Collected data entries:
────────────────
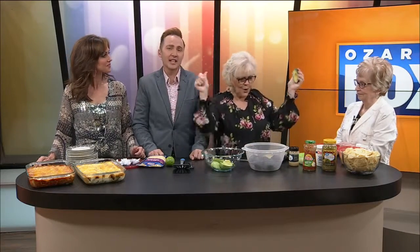Welcome back to Ozark's Fox AM. It's time for my mom's homemade enchiladas and guacamole. I'm so excited! And in honor of her birthday, we thought we'd sing a little Happy Birthday to Mom.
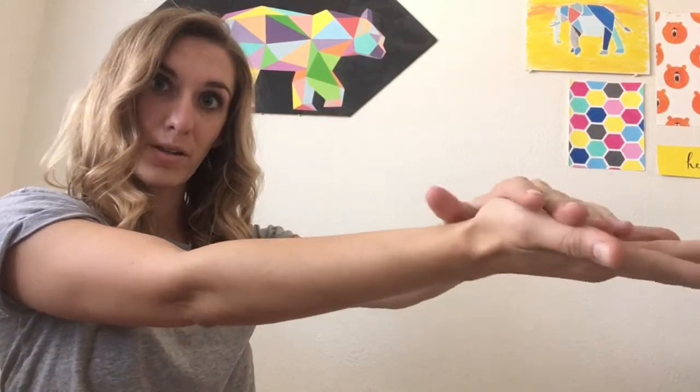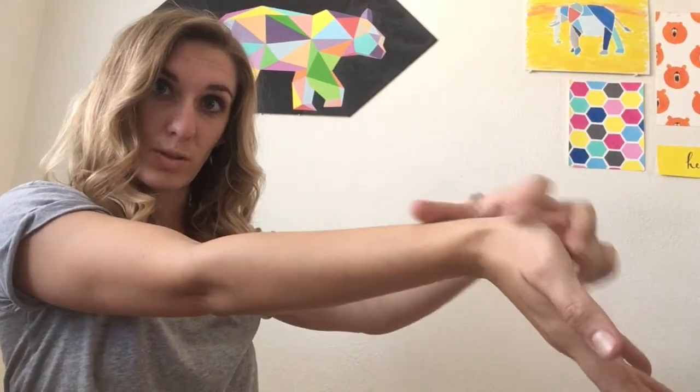Third stretch — you're actually going to rotate your palm up towards the ceiling. Take your unaffected arm, put it right on top of the palm, and pull back as far as you can go without feeling painful. You want to feel a nice stretch through this part of the arm.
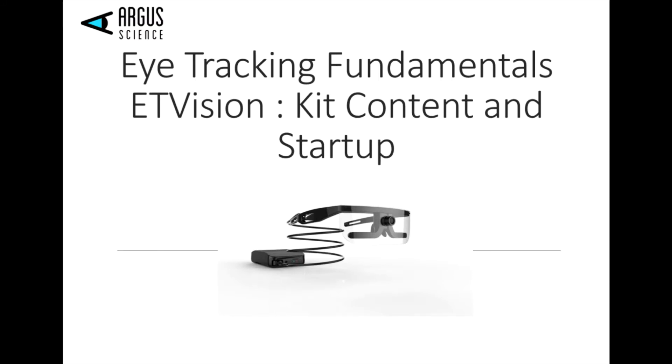In this episode of Eye Tracking Fundamentals, we're going to take a look at the kit content and a quick startup for the ET Vision.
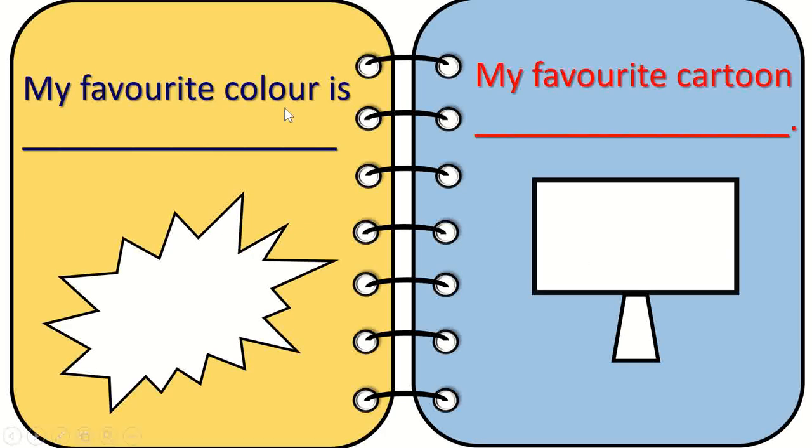The next is 'My favorite color.' They're going to write the color name and color in this place. For example, if it is blue, they're going to write 'blue' and color it in blue.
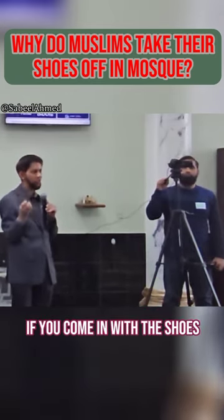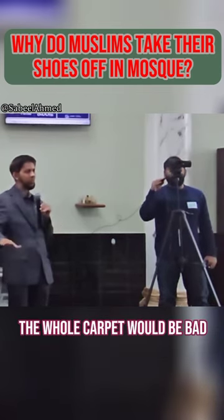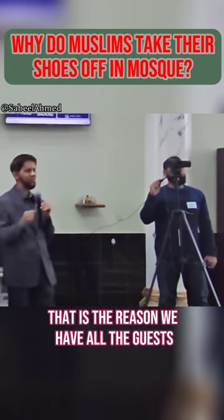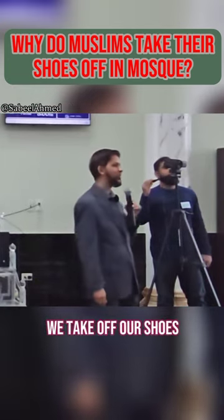So if you come in with shoes — with all the snow and the dirt and the mud out there — the whole carpet would be ruined and we would not be able to pray the way that we want to pray. That is the reason we ask all the guests, all the Muslims, and anyone who comes inside to take off their shoes.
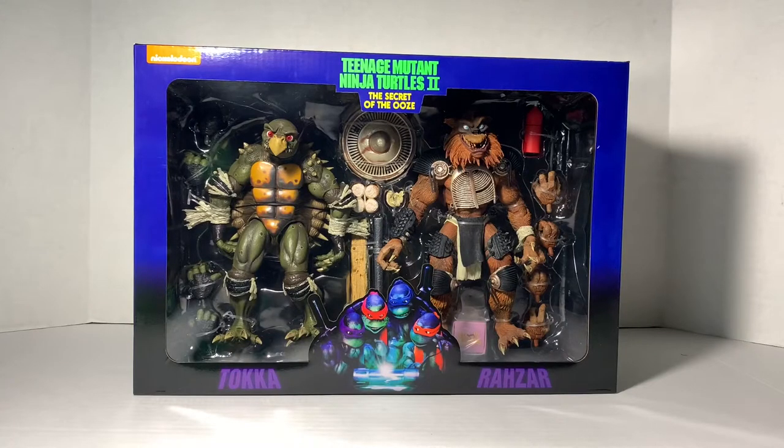What's up, Turtle fans? I am the White Foot Soldier, and this is an unboxing and review of the Teenage Mutant Ninja Turtles Secret of the Ooze Toka and Rezar figures by NECA.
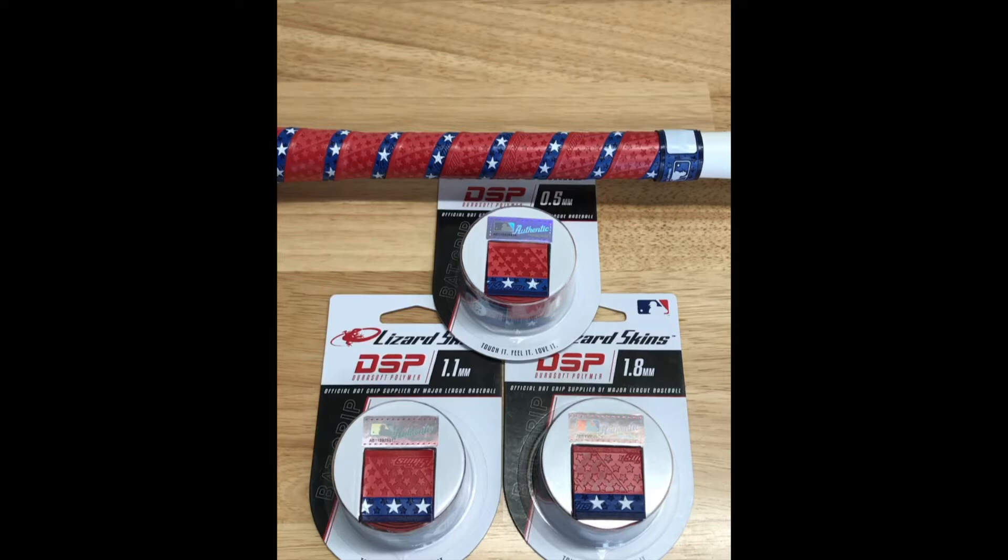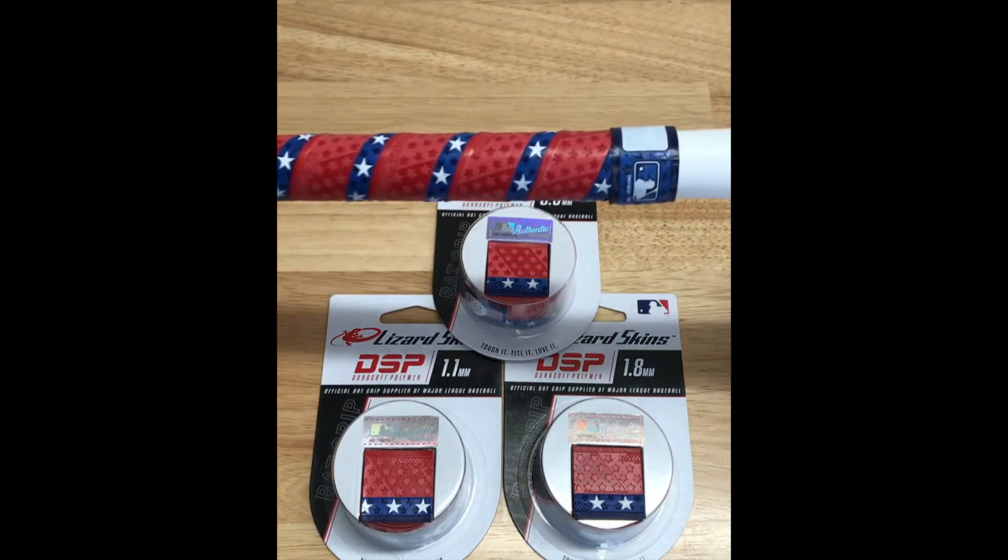Hey guys, I want to take a quick second to show you the new Freedom Series from Lizard Skins. They come in three thicknesses: .5, 11, and 18 millimeter. Here's a closer look.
────────────────
Give back every entry in full, exactly as written, with no picture included.

• _EXERCISE SOLUTION_:
Welcome back to Ozark's Fox AM. It's time for my mom's homemade enchiladas and guacamole. I'm so excited! And in honor of her birthday, we thought we'd sing a little Happy Birthday to Mom.
Third stretch — you're actually going to rotate your palm up towards the ceiling. Take your unaffected arm, put it right on top of the palm, and pull back as far as you can go without feeling painful. You want to feel a nice stretch through this part of the arm.
In this episode of Eye Tracking Fundamentals, we're going to take a look at the kit content and a quick startup for the ET Vision.
The next is 'My favorite color.' They're going to write the color name and color in this place. For example, if it is blue, they're going to write 'blue' and color it in blue.
So if you come in with shoes — with all the snow and the dirt and the mud out there — the whole carpet would be ruined and we would not be able to pray the way that we want to pray. That is the reason we ask all the guests, all the Muslims, and anyone who comes inside to take off their shoes.
What's up, Turtle fans? I am the White Foot Soldier, and this is an unboxing and review of the Teenage Mutant Ninja Turtles Secret of the Ooze Toka and Rezar figures by NECA.
Hey guys, I want to take a quick second to show you the new Freedom Series from Lizard Skins. They come in three thicknesses: .5, 11, and 18 millimeter. Here's a closer look.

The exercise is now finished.